- ASSIGNMENT: Could you copy each line of the listing below that has the word "Clothing"?
*** Opening DATA FOR REVIEW ***
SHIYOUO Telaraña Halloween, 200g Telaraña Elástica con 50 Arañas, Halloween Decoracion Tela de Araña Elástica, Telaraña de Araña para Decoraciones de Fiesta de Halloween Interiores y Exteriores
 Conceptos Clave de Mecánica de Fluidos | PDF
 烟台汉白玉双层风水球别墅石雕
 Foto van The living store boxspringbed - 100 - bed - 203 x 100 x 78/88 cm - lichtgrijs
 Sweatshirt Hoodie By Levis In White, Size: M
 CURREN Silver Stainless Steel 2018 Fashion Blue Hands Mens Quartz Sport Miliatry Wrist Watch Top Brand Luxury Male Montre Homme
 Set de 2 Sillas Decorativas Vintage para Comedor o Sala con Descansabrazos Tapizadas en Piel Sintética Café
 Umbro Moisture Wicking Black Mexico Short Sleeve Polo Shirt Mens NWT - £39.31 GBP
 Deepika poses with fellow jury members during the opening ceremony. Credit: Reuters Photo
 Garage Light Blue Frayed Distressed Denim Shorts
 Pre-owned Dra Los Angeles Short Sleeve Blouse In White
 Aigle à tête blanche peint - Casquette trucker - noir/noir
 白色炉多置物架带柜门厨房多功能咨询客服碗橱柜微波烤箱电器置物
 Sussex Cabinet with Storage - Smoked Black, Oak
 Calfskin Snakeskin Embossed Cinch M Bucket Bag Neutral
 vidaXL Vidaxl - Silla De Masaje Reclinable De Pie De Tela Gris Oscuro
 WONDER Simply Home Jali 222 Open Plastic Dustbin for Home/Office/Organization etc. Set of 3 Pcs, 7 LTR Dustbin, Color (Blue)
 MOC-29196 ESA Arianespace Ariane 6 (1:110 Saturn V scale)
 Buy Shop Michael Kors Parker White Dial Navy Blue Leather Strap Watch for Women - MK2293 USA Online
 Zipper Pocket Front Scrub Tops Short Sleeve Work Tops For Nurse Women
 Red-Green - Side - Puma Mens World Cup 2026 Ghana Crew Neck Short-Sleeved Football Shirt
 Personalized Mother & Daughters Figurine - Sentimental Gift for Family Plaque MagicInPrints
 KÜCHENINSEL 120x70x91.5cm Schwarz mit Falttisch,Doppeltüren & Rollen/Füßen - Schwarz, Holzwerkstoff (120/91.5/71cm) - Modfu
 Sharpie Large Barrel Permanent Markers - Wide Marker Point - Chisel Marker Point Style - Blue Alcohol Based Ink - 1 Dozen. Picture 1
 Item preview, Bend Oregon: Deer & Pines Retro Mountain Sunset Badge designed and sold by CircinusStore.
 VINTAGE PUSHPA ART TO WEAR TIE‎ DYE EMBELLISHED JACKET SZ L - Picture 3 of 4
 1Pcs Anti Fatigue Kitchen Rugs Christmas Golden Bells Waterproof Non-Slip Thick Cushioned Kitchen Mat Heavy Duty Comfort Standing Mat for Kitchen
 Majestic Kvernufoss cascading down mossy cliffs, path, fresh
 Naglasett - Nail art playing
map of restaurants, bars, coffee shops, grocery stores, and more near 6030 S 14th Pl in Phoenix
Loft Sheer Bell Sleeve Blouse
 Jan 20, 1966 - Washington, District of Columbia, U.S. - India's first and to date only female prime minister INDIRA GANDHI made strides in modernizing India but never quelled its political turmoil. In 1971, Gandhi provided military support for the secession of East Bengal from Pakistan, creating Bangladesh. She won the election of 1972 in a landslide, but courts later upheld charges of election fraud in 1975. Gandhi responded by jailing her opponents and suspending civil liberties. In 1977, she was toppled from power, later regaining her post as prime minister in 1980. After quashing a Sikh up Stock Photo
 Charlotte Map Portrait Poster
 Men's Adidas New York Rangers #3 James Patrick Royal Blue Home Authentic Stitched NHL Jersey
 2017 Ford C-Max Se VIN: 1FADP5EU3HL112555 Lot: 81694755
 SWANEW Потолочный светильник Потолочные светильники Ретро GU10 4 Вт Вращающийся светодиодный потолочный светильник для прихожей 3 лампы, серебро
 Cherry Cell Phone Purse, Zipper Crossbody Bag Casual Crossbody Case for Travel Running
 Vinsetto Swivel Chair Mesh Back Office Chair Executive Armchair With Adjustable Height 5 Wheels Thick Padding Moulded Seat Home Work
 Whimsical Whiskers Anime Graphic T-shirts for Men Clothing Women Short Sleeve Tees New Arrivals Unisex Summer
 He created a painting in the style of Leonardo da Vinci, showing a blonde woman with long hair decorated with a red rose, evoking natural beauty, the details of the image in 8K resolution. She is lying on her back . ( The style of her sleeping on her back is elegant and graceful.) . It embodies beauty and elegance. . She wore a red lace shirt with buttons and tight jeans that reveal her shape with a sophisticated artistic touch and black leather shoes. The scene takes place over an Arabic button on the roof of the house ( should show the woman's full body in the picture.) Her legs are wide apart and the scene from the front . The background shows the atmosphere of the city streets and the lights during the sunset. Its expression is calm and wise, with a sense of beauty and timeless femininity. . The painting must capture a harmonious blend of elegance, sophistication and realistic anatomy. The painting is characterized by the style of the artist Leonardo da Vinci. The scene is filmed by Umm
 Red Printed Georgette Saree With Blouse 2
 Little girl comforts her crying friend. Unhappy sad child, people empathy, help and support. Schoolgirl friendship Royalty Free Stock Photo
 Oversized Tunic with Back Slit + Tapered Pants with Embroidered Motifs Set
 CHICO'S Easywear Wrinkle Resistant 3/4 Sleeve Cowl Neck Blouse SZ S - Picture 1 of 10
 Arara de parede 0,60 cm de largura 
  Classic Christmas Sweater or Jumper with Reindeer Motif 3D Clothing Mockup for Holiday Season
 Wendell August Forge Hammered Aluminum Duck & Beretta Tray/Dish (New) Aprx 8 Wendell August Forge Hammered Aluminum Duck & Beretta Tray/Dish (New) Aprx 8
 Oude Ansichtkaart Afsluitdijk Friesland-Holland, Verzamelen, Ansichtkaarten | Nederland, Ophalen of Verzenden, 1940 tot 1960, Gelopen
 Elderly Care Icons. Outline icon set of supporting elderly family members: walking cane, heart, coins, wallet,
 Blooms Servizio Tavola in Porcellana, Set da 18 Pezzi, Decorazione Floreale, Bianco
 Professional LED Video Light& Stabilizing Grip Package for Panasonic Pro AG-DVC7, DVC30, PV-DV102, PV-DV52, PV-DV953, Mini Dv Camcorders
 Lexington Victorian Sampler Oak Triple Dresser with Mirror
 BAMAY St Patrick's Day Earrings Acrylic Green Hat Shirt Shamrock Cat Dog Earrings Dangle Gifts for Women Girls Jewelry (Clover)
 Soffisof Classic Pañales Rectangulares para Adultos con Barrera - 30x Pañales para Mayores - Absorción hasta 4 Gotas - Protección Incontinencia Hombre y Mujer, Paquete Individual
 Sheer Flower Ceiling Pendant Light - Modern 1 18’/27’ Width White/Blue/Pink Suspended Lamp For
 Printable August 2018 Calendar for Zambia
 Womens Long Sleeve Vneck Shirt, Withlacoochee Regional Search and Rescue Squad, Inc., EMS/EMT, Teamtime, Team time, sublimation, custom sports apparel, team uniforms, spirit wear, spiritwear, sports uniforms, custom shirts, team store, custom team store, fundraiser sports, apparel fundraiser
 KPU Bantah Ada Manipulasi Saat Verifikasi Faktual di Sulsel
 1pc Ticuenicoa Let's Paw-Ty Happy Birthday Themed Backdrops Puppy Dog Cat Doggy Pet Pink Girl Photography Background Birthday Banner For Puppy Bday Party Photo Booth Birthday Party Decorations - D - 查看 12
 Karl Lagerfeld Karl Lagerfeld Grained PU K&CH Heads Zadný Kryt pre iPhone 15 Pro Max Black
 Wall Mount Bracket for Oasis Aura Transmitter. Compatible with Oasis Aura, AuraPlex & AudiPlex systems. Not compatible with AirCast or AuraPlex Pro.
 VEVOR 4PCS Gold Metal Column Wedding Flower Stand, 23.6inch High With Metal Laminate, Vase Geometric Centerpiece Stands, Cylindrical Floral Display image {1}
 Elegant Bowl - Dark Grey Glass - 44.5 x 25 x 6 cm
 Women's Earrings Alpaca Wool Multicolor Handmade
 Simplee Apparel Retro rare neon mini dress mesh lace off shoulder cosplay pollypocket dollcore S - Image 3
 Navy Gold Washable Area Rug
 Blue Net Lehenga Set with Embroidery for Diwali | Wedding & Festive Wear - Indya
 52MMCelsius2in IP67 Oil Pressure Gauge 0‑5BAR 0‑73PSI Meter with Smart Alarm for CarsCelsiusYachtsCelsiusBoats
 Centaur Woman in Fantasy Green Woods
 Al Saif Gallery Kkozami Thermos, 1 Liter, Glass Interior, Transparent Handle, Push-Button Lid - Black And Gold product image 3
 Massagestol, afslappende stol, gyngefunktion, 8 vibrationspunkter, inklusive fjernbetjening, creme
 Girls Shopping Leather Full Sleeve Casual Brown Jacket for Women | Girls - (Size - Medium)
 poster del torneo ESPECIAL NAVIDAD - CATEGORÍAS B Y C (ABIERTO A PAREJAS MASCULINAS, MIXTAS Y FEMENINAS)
*** Closing DATA FOR REVIEW ***
- ANSWER TO THE PROBLEM:
 Whimsical Whiskers Anime Graphic T-shirts for Men Clothing Women Short Sleeve Tees New Arrivals Unisex Summer
  Classic Christmas Sweater or Jumper with Reindeer Motif 3D Clothing Mockup for Holiday Season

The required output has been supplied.